Government rejects call for inquiry into PM's behaviour
LONDON (Reuters) - The government rejected opposition calls on Monday for an inquiry into allegations that Gordon Brown intimidated his staff, claims which have emerged just weeks before the prime minister faces an election.
Brown has dismissed as baseless and malicious allegations published in a Sunday newspaper that he had terrified staff by shouting abuse at them and in some cases had physically intimidated them.
The claims appeared in extracts from a book by a political journalist.
The head of a charity set up to counter workplace bullying said there had been "two or more" calls to its helpline from the prime minister's office but said she was not accusing Brown of being a bully. She did not say when the complaints were made.
The allegations have overshadowed a Labour poll recovery which has seen the ruling party, in power since 1997, narrow the gap on the Conservatives to six points -- a margin that could lead to a hung parliament in which no party has an absolute majority.
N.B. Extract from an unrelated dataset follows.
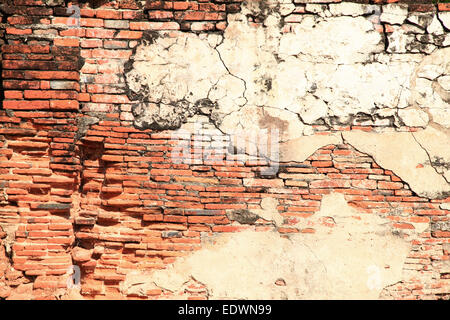 ruin monastery temple wall from red brick using as background pattern Stock Photo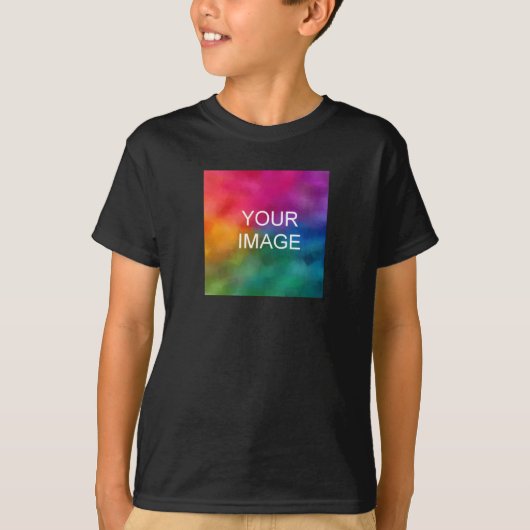 Custom Afbeelding Sjabloon Boys Dubbelzijdig Zwart T-shirt (Voorkant)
With an election to be held by June, the stories have inevitably sharpened the focus on Brown's character as a leader and provoked a political slanging match.
"They are very serious matters and I'm sure that Number 10 Downing Street and the civil service in some way will want to have some sort of inquiry to try and get to the bottom of what has happened here," opposition Conservative leader David Cameron told reporters.
GOVERNMENT RULES OUT INQUIRY
The prime minister's spokesman told reporters that he did not believe there was a culture of bullying or intimidation in Brown's office, denying there had been any formal complaints.
"We don't see any need to have an inquiry," he told reporters, adding that Cabinet Secretary Gus O'Donnell, Britain's most senior civil servant, shared his view.
Brown also denied he had been reprimanded over his behaviour towards staff.
"The cabinet secretary has made it clear that he's had no inquiries, there's been no reprimand, there's been no private message to me ... (The) story is completely wrong," he said in an interview with The Economist magazine published online.
Business Secretary Peter Mandelson said Brown appeared to be the victim of a political campaign.
"We've got a country to run, that's what's important to us. Nobody bullies, nobody tolerates bullying in this government, in any part of this government, period, zero, and that's it, OK?," Mandelson told reporters at an investment conference in London.
Brown, 59, replaced Tony Blair in mid-term in 2007 after serving as his finance minister for a decade. Brown is often portrayed as intense and brooding. Critics, some within his own party, say he is an electoral liability.
Brown must call an election by June, with May 6 seen as the likely poll date.